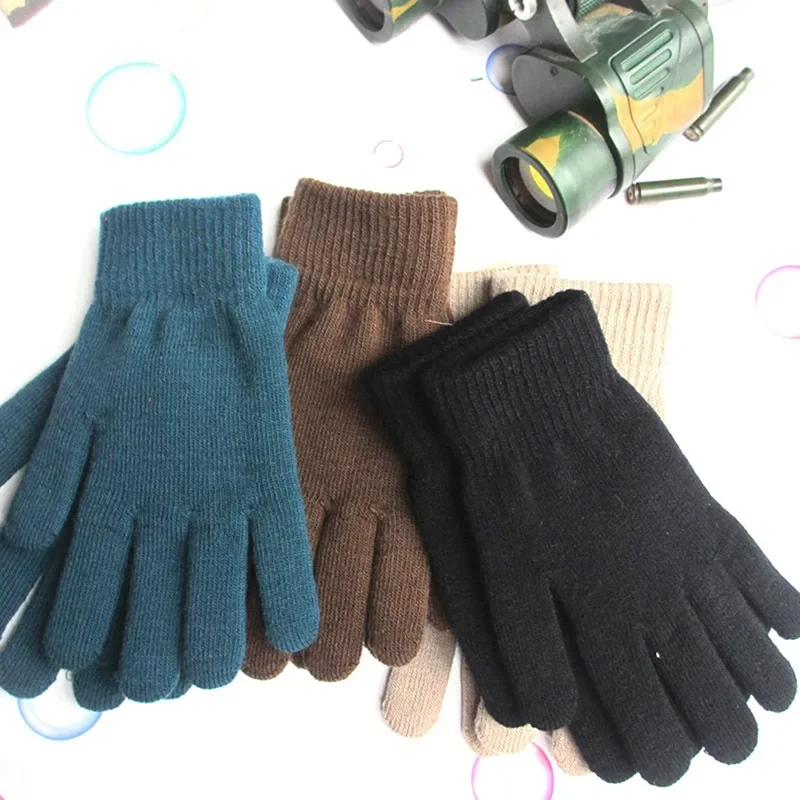 Gants tricotés solides pour femmes, chauffe-mains, doublure épaisse, ski, poignet court, mitaines à doigts complets, automne hiver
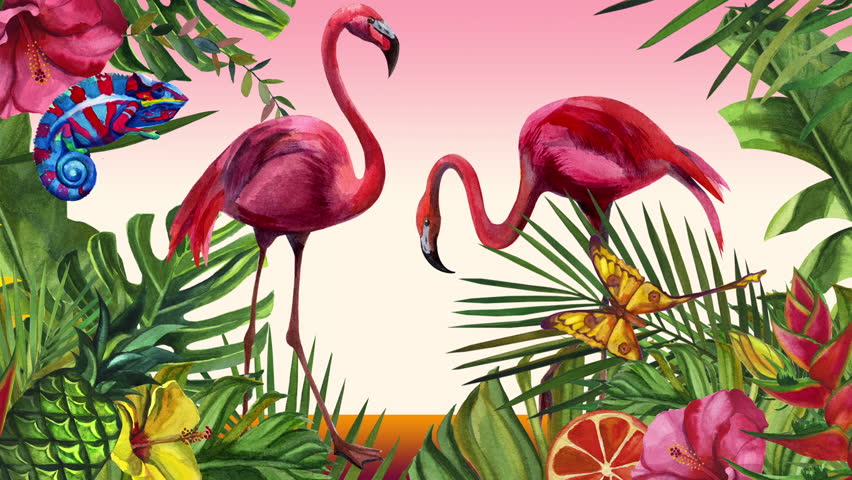 Cartoon flamingo bird, chameleon and butterfly. The sun is moving. Watercolor tropical wildlife. Hand drawn jungle nature, illustration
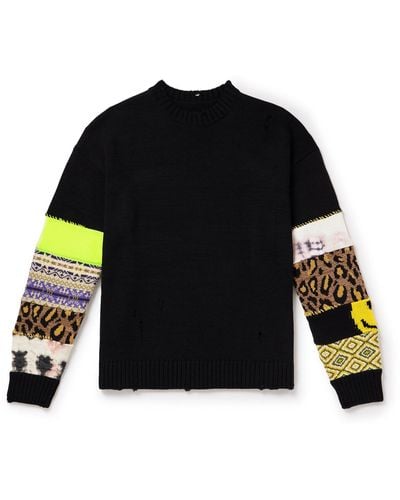 Kapital Distressed Patchwork Jacquard-knit Sweater - Black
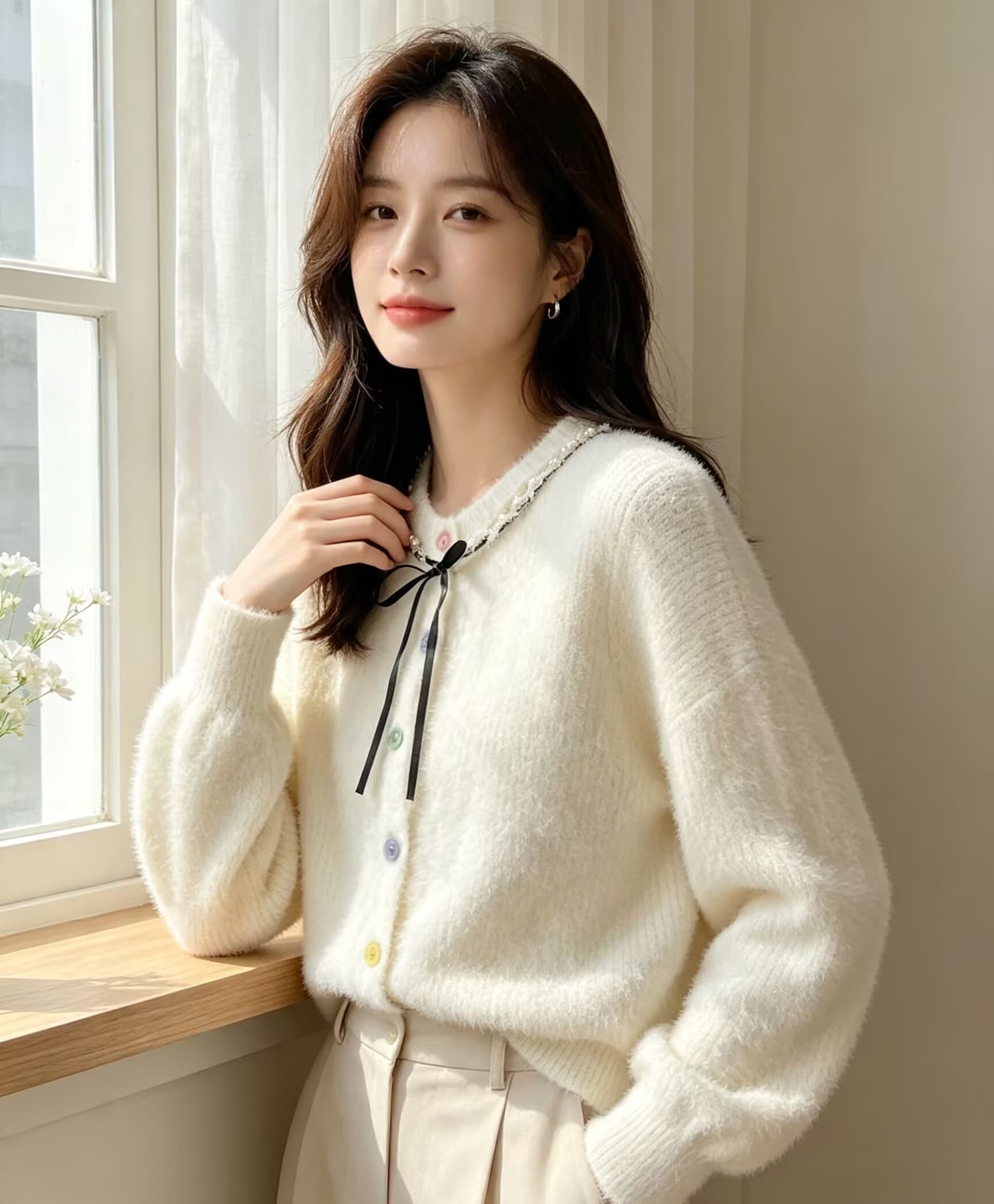 부드러운 바람 레이스업 나비 매듭 아름다운 스웨터 여성 코트 새로운 작은 키 밍크 플리스 달콤함 니트 오픈 가디건 상세 이미지 21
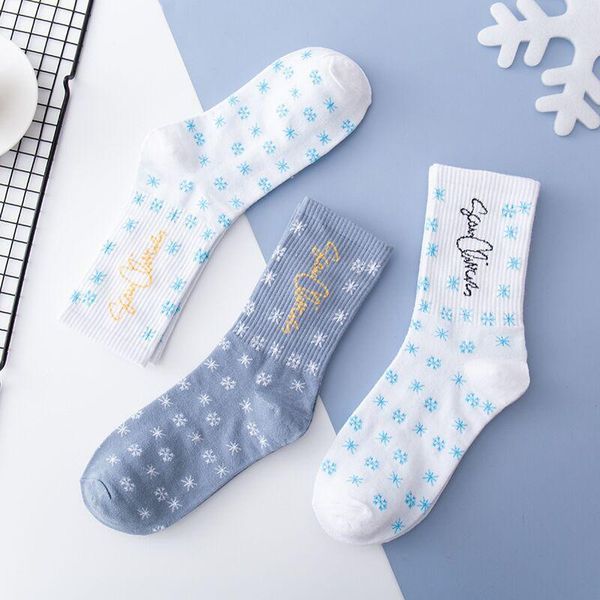 

spring/summer women's snowflake socks female simple pure color korean ladies long kawaii happy and fun & hosiery, Black;white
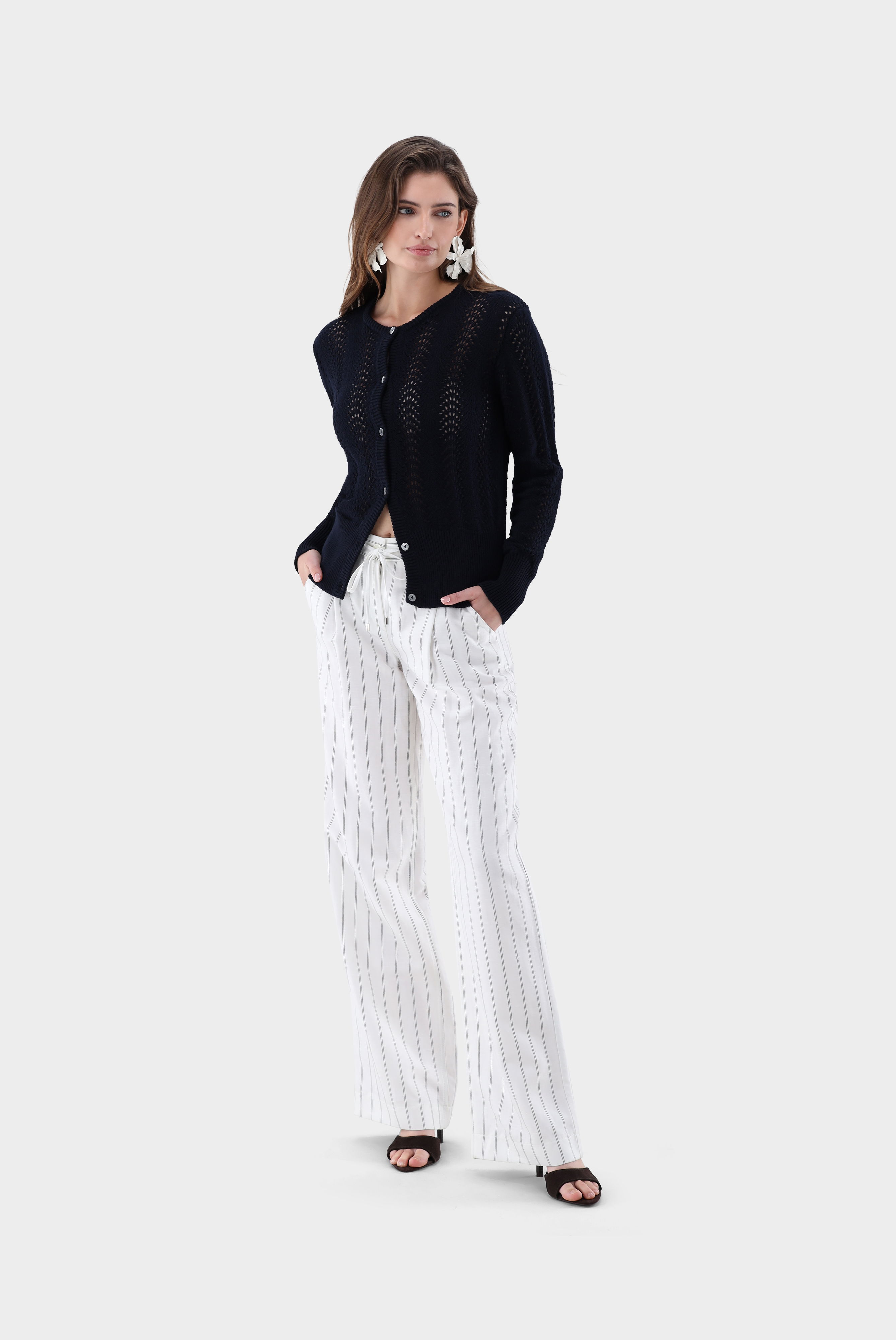 Strickjacke aus Ajoure Strick mit Kaschmir günstig online kaufen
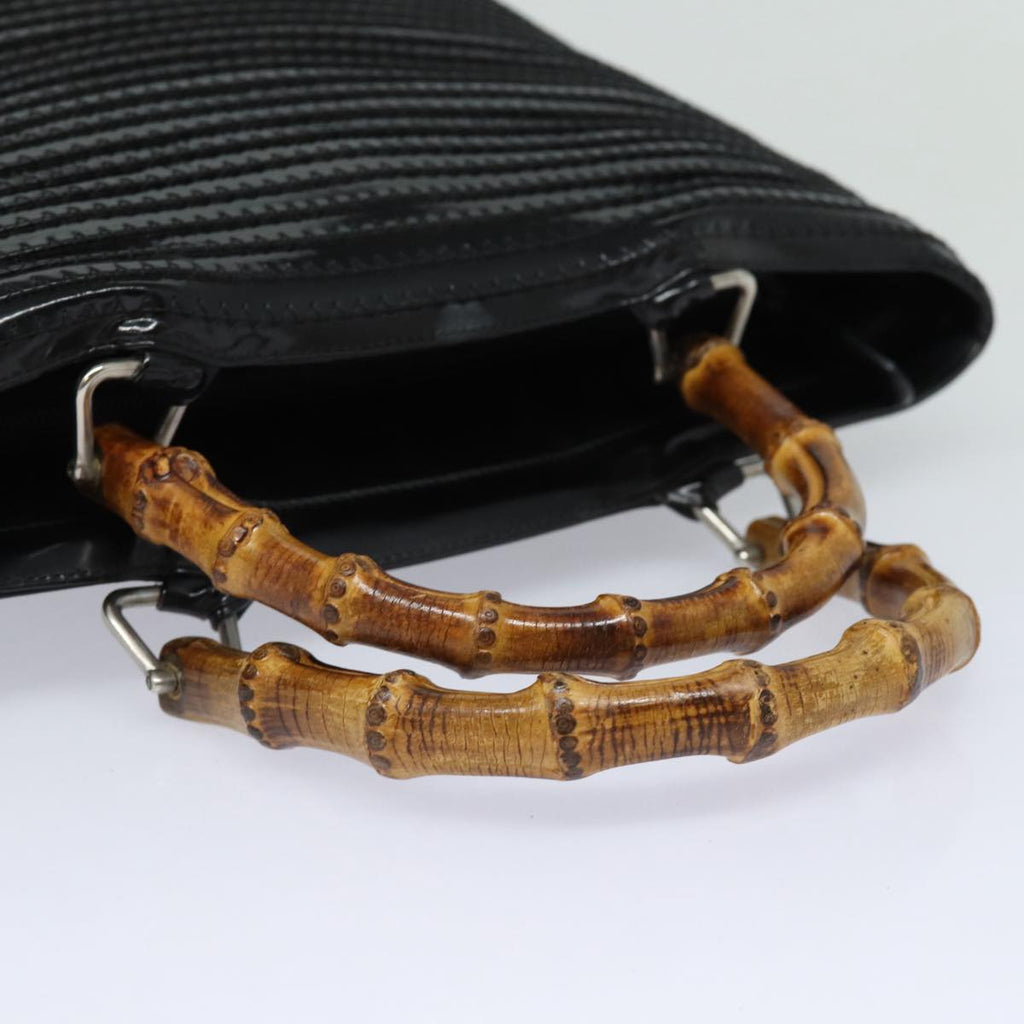GUCCI Bamboo Hand Bag Enamel Black ep4934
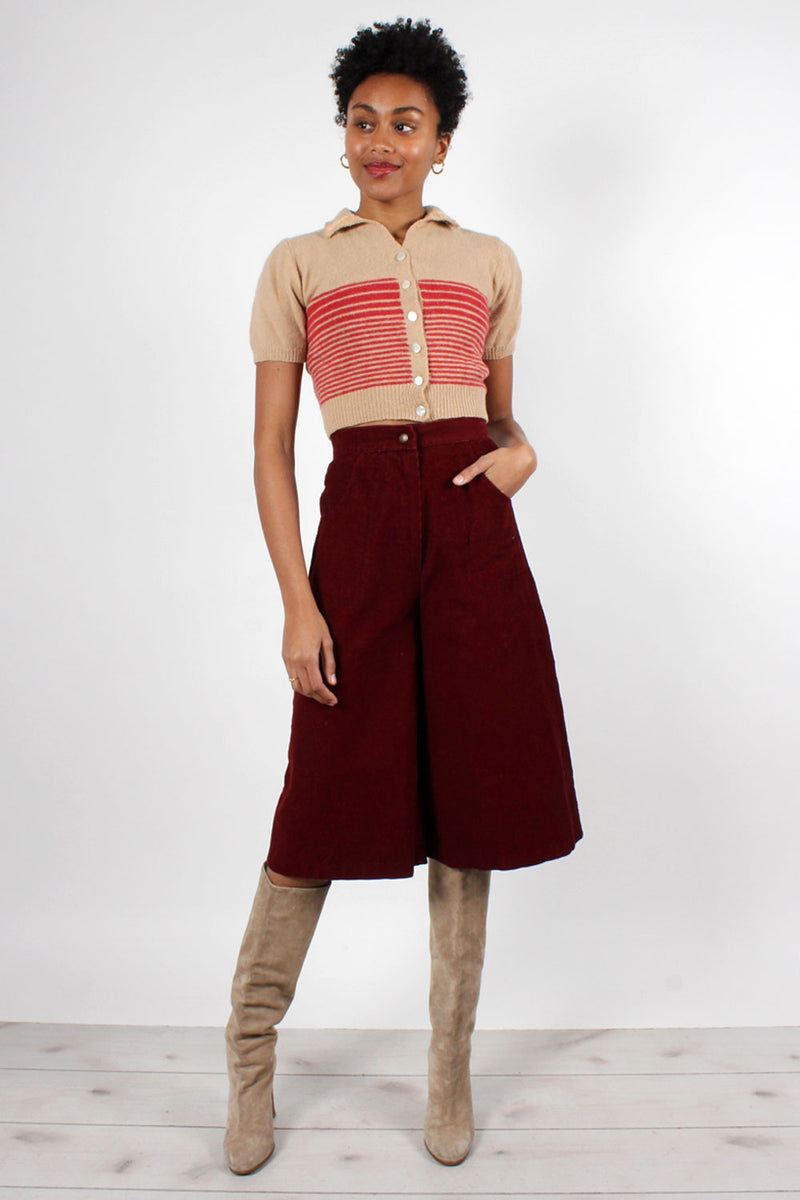 Burgundy Corduroy Culottes XS/S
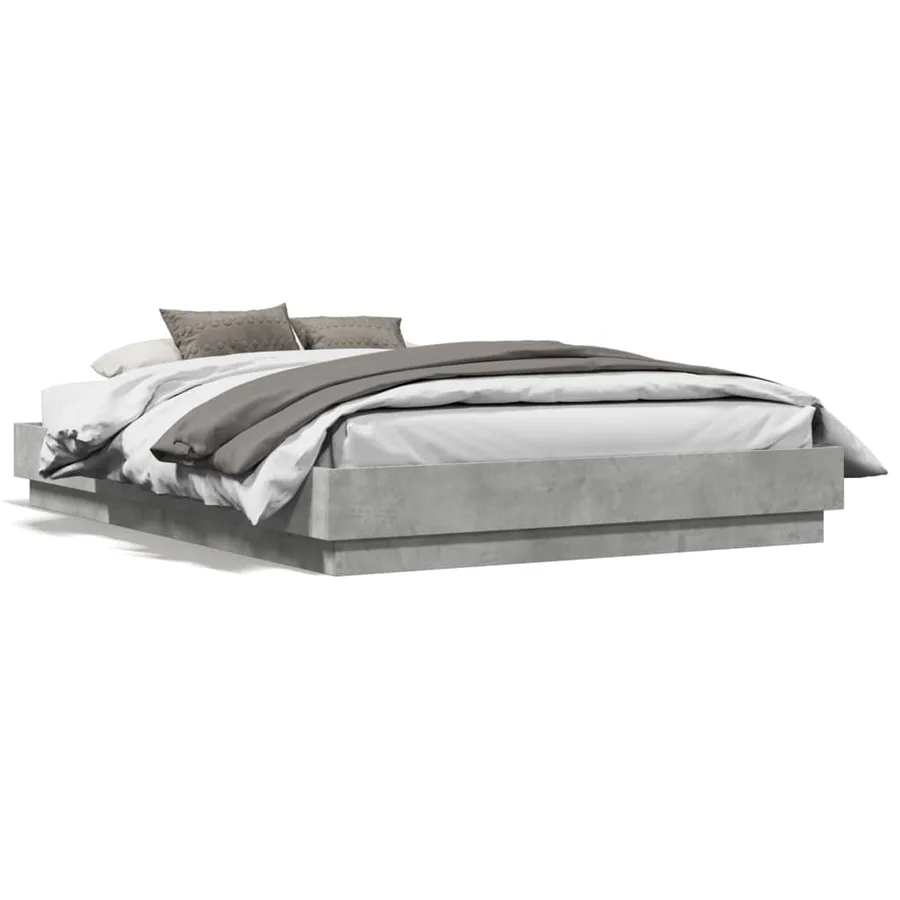 Cadre de lit sans matelas gris béton 135x190 cm - 2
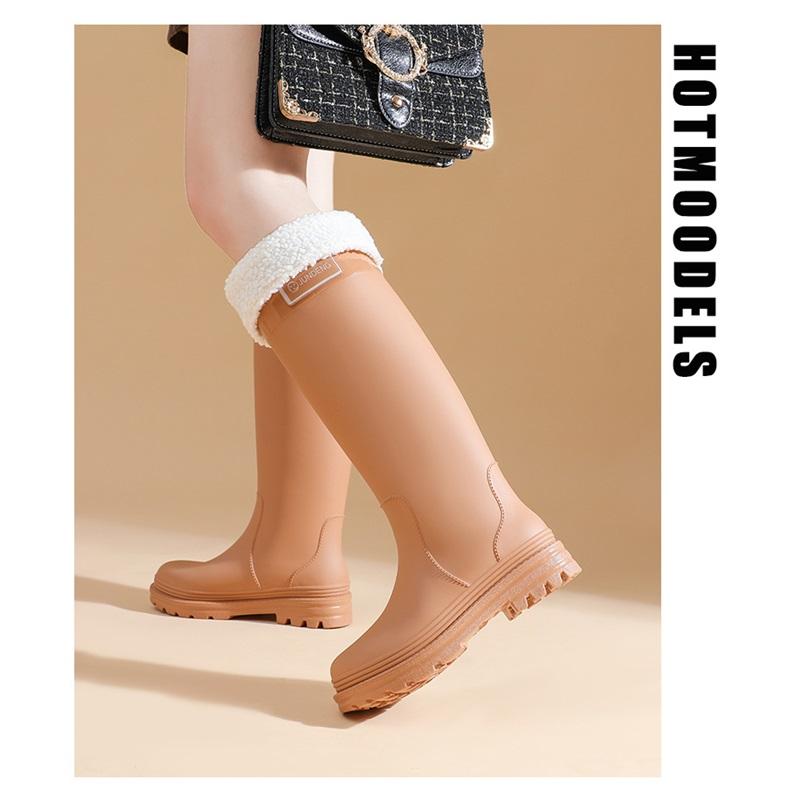 Damen Modische Lässige Outdoor Samt Warme Hohe Stiefel Regenschuhe Gummischuhe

## Work required
Each line above should be returned exactly as written, apart from any pictures.

## Task answer
 Gants tricotés solides pour femmes, chauffe-mains, doublure épaisse, ski, poignet court, mitaines à doigts complets, automne hiver
 Cartoon flamingo bird, chameleon and butterfly. The sun is moving. Watercolor tropical wildlife. Hand drawn jungle nature, illustration
 Kapital Distressed Patchwork Jacquard-knit Sweater - Black
 부드러운 바람 레이스업 나비 매듭 아름다운 스웨터 여성 코트 새로운 작은 키 밍크 플리스 달콤함 니트 오픈 가디건 상세 이미지 21

spring/summer women's snowflake socks female simple pure color korean ladies long kawaii happy and fun & hosiery, Black;white
 Strickjacke aus Ajoure Strick mit Kaschmir günstig online kaufen
GUCCI Bamboo Hand Bag Enamel Black ep4934
 Burgundy Corduroy Culottes XS/S
 Cadre de lit sans matelas gris béton 135x190 cm - 2
 Damen Modische Lässige Outdoor Samt Warme Hohe Stiefel Regenschuhe Gummischuhe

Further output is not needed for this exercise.